On the January 20, 2012, edition of the podcast for the radio program Marketplace, one of the guests was Felix Salmon of Reuters.

In that episode, Mr. Salmon made the prediction that “Greece is going to default on March 20…”

The debt-ridden country had a big bill due (about 350 billion euros) and Mr. Salmon was going out on the prediction limb to say that Athens would default. According to Investopedia, the definition of a default as a “…failure on the repayment of a county’s government debts.”

To me, a default means that the person, or country, that owes the debt does not pay the debt back.

So, what happened when the middle of March rolled around?

This article from The Economist has all the details, but suffice it to say that an agreement was hammered out between those that owed the money (i.e., Greece) and those to whom the money was owed to (i.e., bondholders). Long story short, the bondholders agreed (or, more technically, were forced to agree) to turn in their bonds and, in exchange, they received new bonds from Athens.

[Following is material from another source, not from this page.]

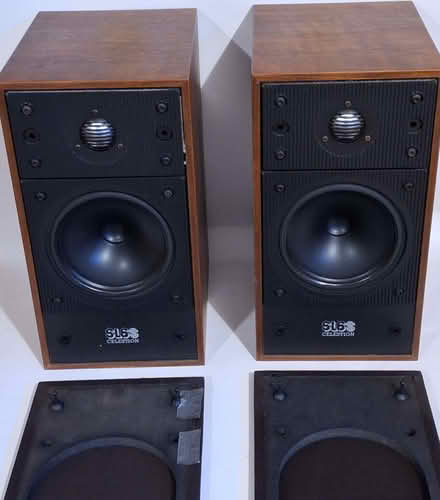 Photo of free Stereo speakers -- ONLY ONE WORKING (Davis/Teele Square area) #2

Technically, Mr. Salmon’s prediction fell short as Greece did not default on the debt. They did fail to pay what they owed because they created a new agreement.

However, there is the “spirit of the law” and the “letter of the law”. While Greece managed to avoid a default on 3/20 by the “letter of the law”, they certainly defied the “spirit” of what a default is as it (in the words of The Economist article) “…invoked a recently enacted law that bound all private bondholders to the bond-swap if more than two-thirds of them consented to it.”

Must be nice to have a legislative body at your side to help you write down the red ink. I wish I could do that when my credit card bill comes due.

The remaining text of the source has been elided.